# DUAL sim TWO sims working simultenously



## azzu (Aug 29, 2007)

*www.buyuz.com/store/True-Dual-Sim-Phones-p-1-c-2765.html

site is claiming a phone that can work on the dual sims continously checkout


----------



## Choto Cheeta (Aug 29, 2007)

^^^

My frnd got one of these as present from his Brother who works as merine engg...

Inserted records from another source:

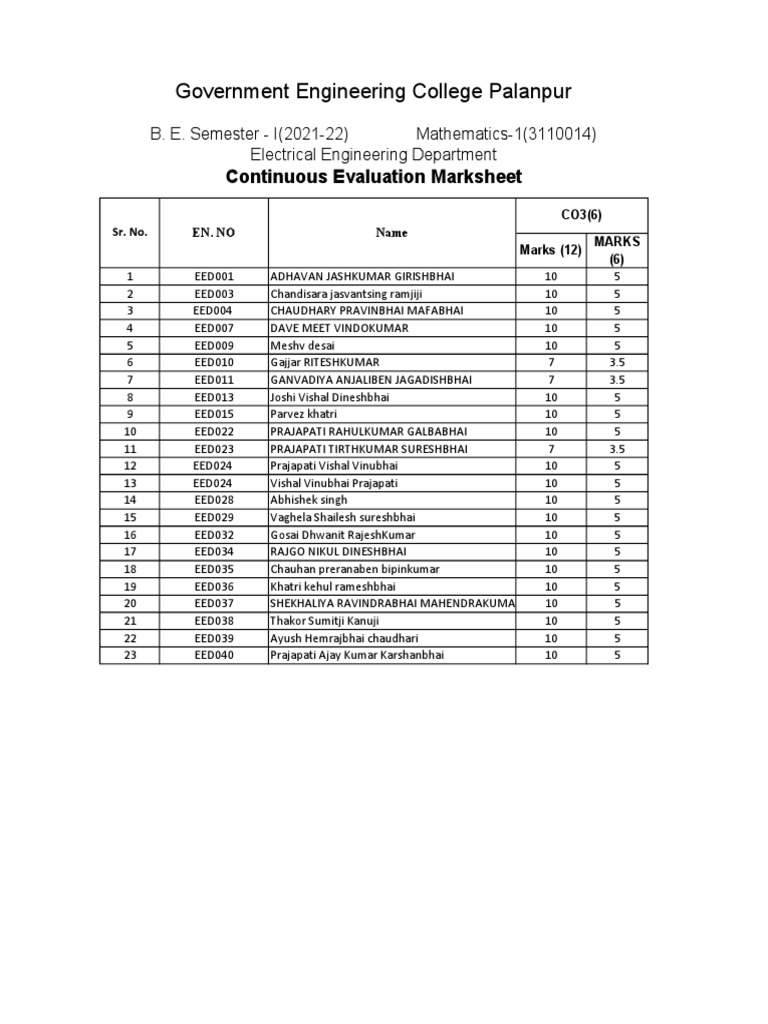 Marksheet Electrical | PDF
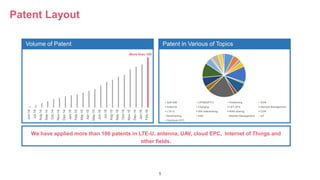 5
Patent Layout
We have applied more than 100 patents in LTE-U, antenna, UAV, cloud EPC, Internet of Things and
other fields.
Volume of Patent Patent in Various of Topics
Jun-14
Jul-14
Aug-14
Sep-14
Oct-14
Nov-14
Dec-14
Jan-15
Feb-15
Mar-15
Apr-15
May-15
Jun-15
Jul-15
Aug-15
Sep-15
Oct-15
Nov-15
Dec-15
Jan-16
Feb-16
Soft SIM LIPA&SIPTO Positioning SON
Antenna Charging LBT-DFS Remote Management
LTE-U Wifi Interworking RAN sharing CDN
Backhauling D2D Mobility Management IoT
Distribute EPC
More than 100
 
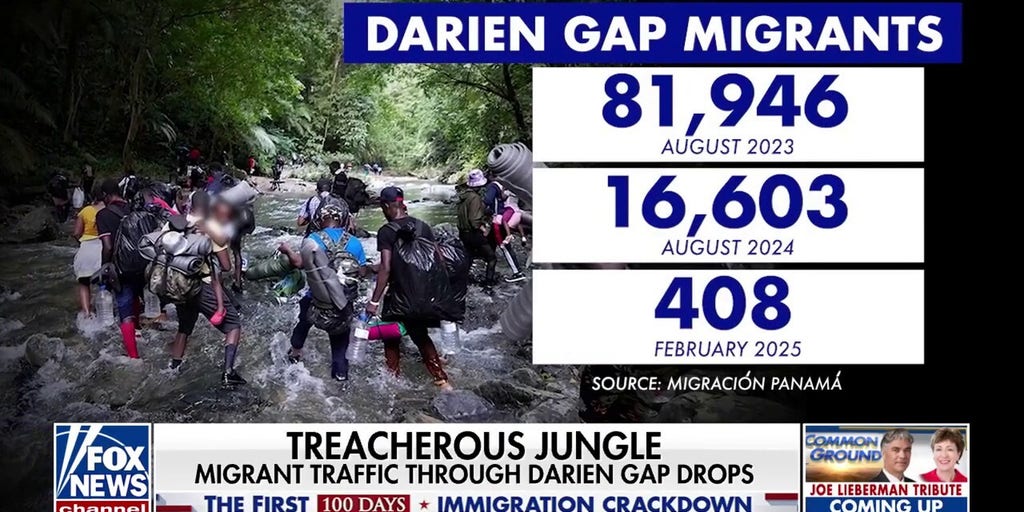 Fewer migrants reportedly attempt to cross through the Darien Gap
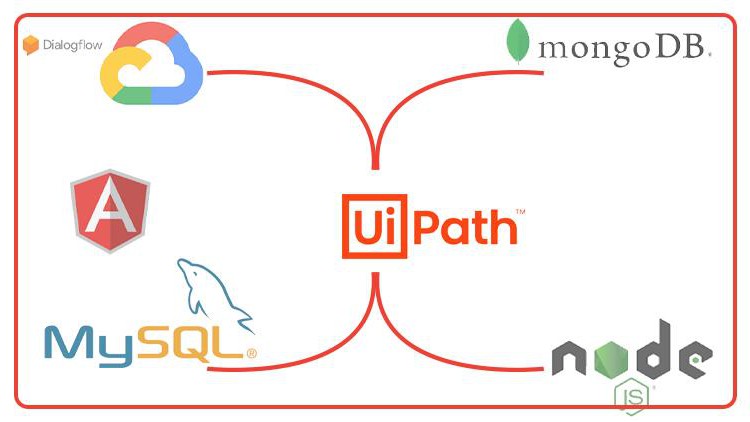 RPA# Advanced UiPath skills with Orchestrator,Build 3 Robots Advanced Uipath for RPA#Interact with databases such as MySQL and MongoDB, as well as NodeJs, Angular and spreadsheets such as Excel and PDF, using the Orchestrator platform.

*www.buyuz.com/store/Bluetooth-enab...h-Dual-1.3-Mega-Cams-Mobile-phone-p-3402.html

Now actally both sim doesnt work together... What the phone does is simple Divert calls from one sim to another sim, so at one time only one sim is active  other one is just diverting call you active sim


----------



## azzu (Aug 29, 2007)

thx for the info choto anna


----------



## iMav (Aug 29, 2007)

^^ spice has/is launching a handset for dual sims in north india ....


----------



## Pathik (Aug 29, 2007)

Spice s88


----------



## sachin_kothari (Aug 29, 2007)

i seen a chinese mobile(unbranded) on which both the sims work together simutaneously. Shows two signal towers and displays both network names.


----------



## fun2sh (Aug 29, 2007)

spice too has that feature. it shows the signal of both and sims works simultaneously


----------



## Pathik (Aug 29, 2007)

Yup.. 1 sim is the master and the other the slave... thats how the priorities are decided and ambiguities ae solved..


----------



## azzu (Aug 29, 2007)

kool nice info guyzz


----------



## BBThumbHealer (Aug 30, 2007)

pathiks said:
			
		

> Spice s88



Its Spice D88...Nice Phone !


----------



## azzu (Aug 30, 2007)

wen gonna it is goin to release


----------



## BBThumbHealer (Aug 30, 2007)

Spice D88 is available in the market


----------



## enticer86 (Sep 13, 2007)

how much does it cost??

is it gud enuf to use? i mean any complications or smthin? personally i don trust Spice...never used


----------



## entrana (Sep 13, 2007)

dude u just bumped a old thread


----------



## alsiladka (Sep 13, 2007)

Even Samsung has released a Dual Sim phone.


----------